Wspaniałe podsumowanie dyskusji.
To, co trudne i najważniejsze podobało się Bogu uczynić dostępnym dla maluczkich. A całkowicie niewyobrażalnym dla popadających w pychę gigantów intelektu.
Dzisiaj słuchałem świadectwa pewnego szewca spod Wadowic.
Z uwagi na jego profesję, był mi bardzo bliski, jakby bohater moich opowiadań nagle zszedł z kart mojego jedynego utworu literackiego, wydanego drukiem.
Jestem wielbicielem i, pożal się Boże - piewcą - ludzi prostych, ale nie prostaków.
Nie jestem gigantem intelektu, ani też mistrzem kontemplacji.

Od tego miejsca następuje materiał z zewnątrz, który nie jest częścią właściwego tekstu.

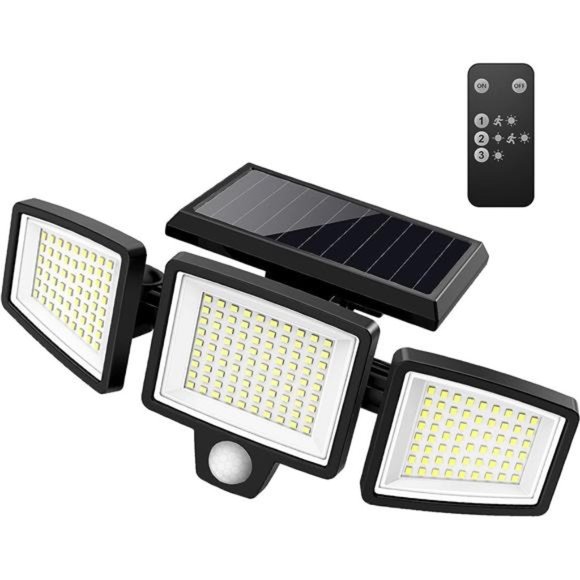Solar Outdoor Lights 2500LM 210 LED Security Lights with Remote Control,3 Heads - Picture 1 of 5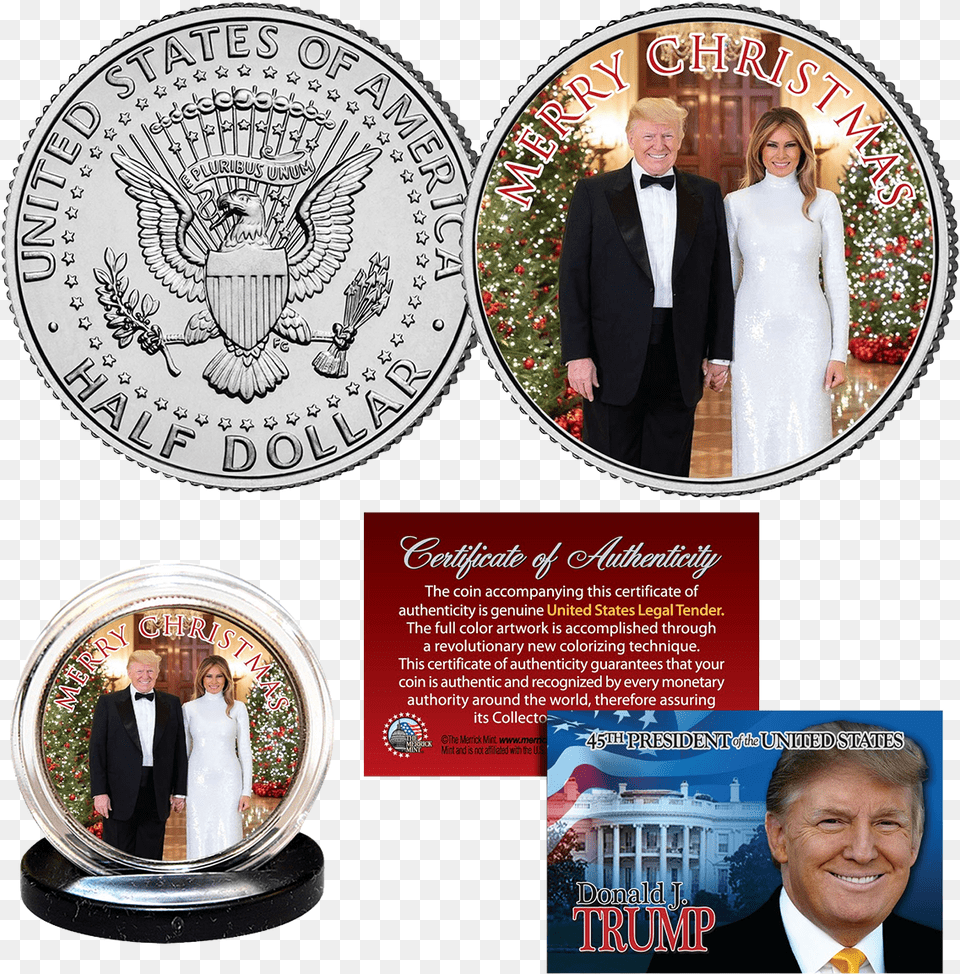 Donald Melania Trump 2019 Christmas Trump And Reagan Coins, Adult, Wedding, Suit, Person Free Png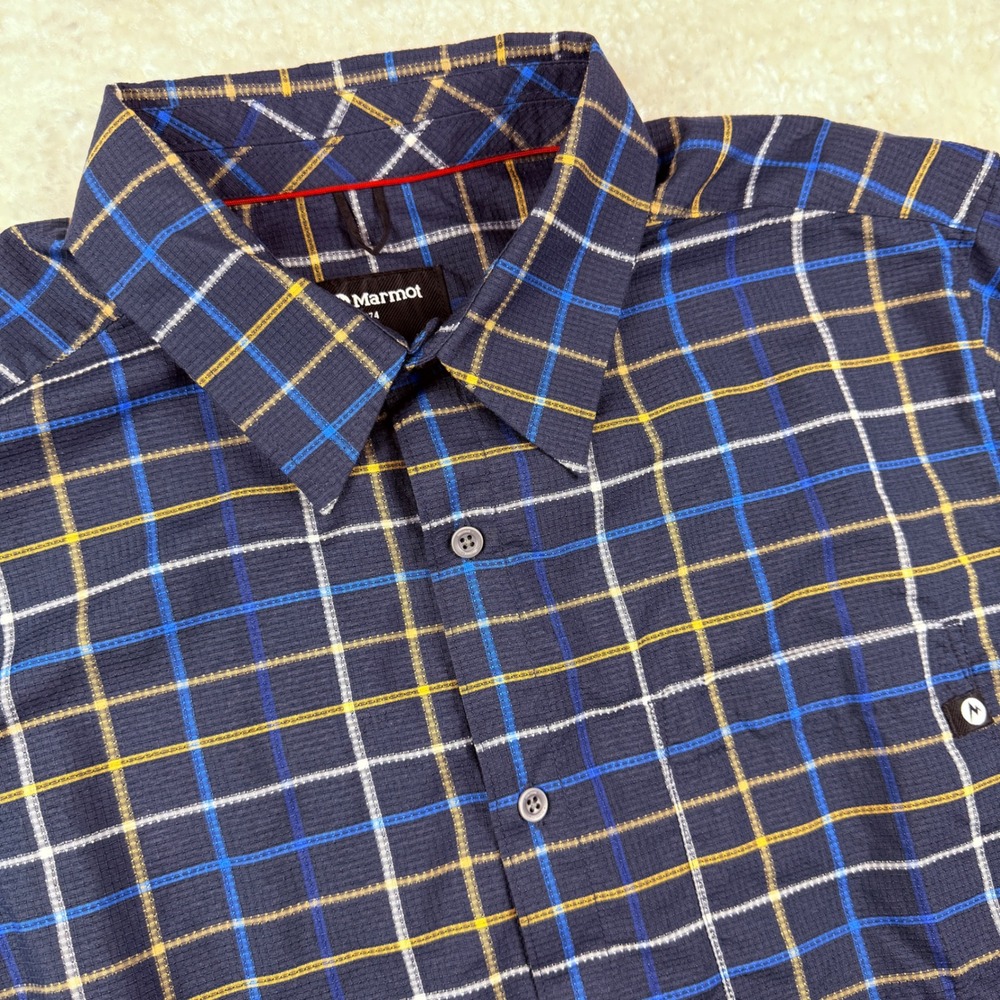 Marmot Mens Short Sleeve Plaid Hiking‎ Shirt Navy Blue Yellow 42170 Large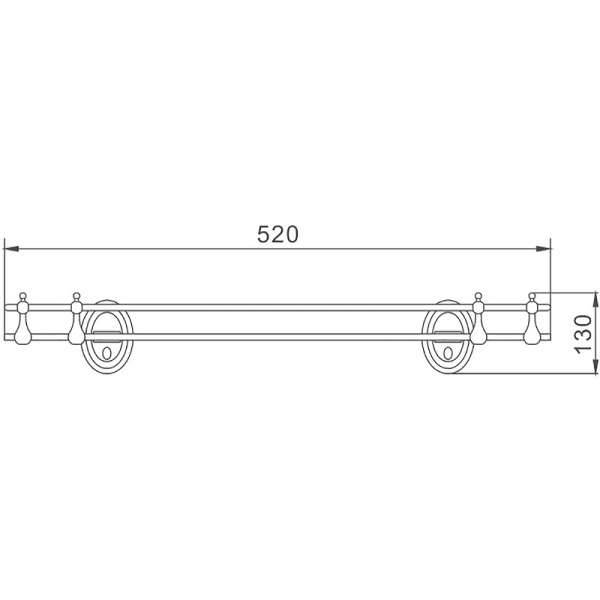 Стеклянная полка Haiba HB1507 цвет хром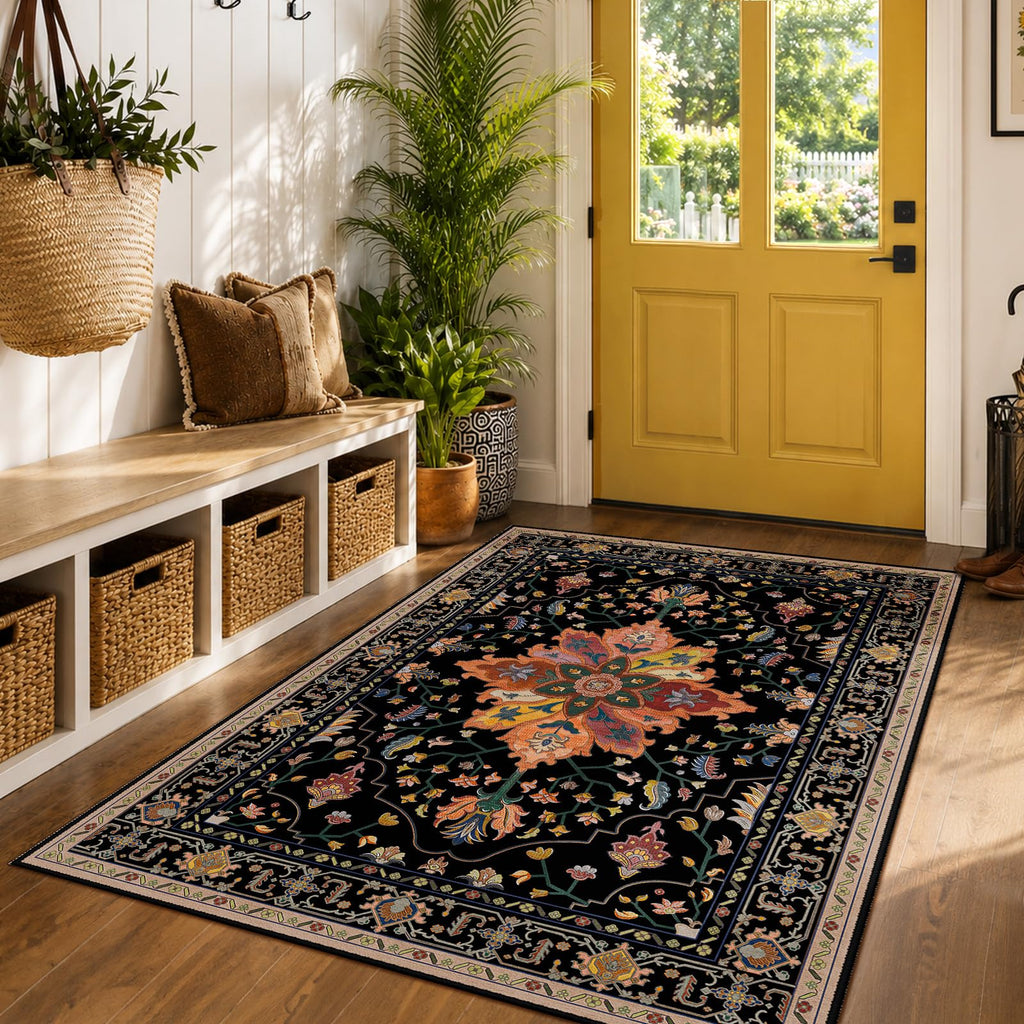 RELEANY Washable Area Rug, 5'x7', Black/Colorful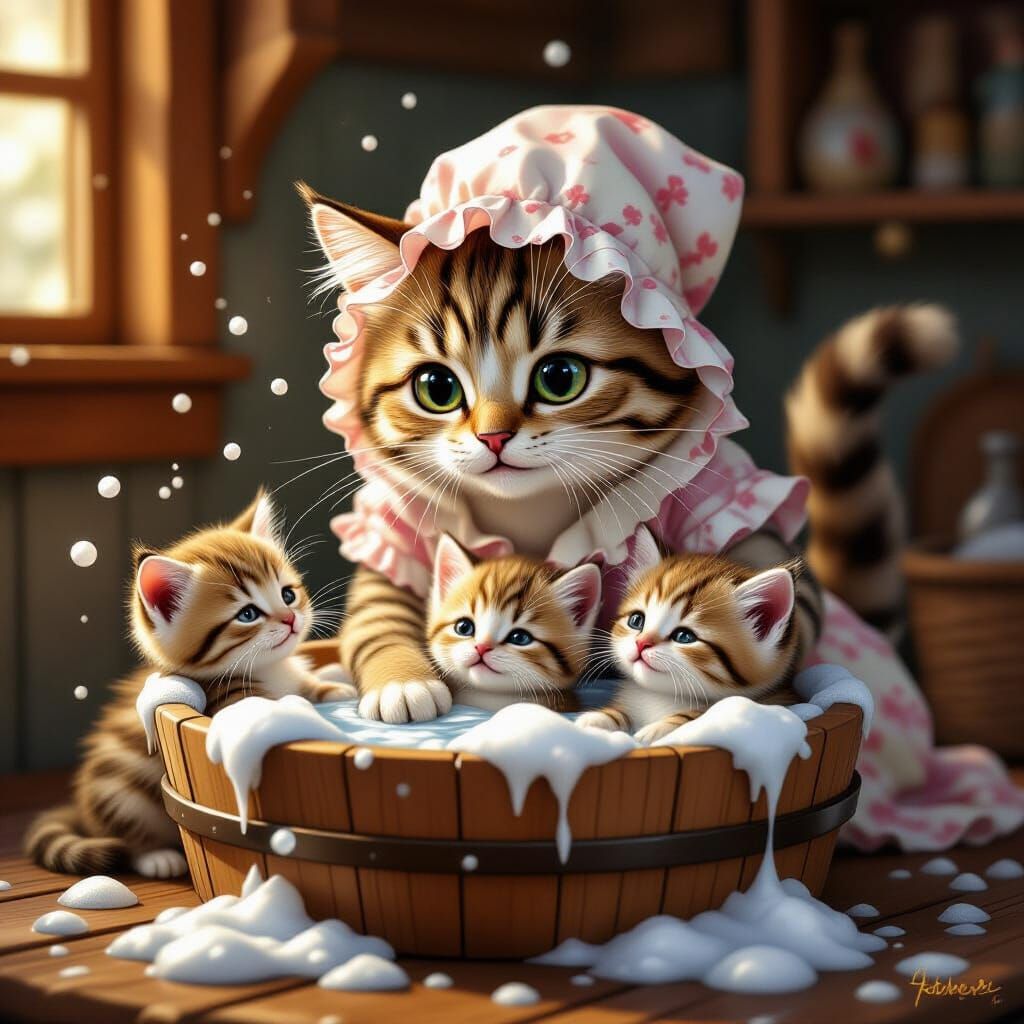 Storybook Cat Family Washing Kittens in Foamy Tub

Ale, być może, podobało się Bogu pozwolić mi żyć na pograniczu tych światów. Światów, które obydwa swobodnie zamieszkiwali, - ba, zaludniali! - Biały Olbrzym i Prymas Tysiąclecia.
Oba światy jednocześnie - zamieszkują bowiem tylko giganci.
Zaś ja dziękuję Bogu, że zostawił mi chociaż tęsknotę do nich. I do Nich.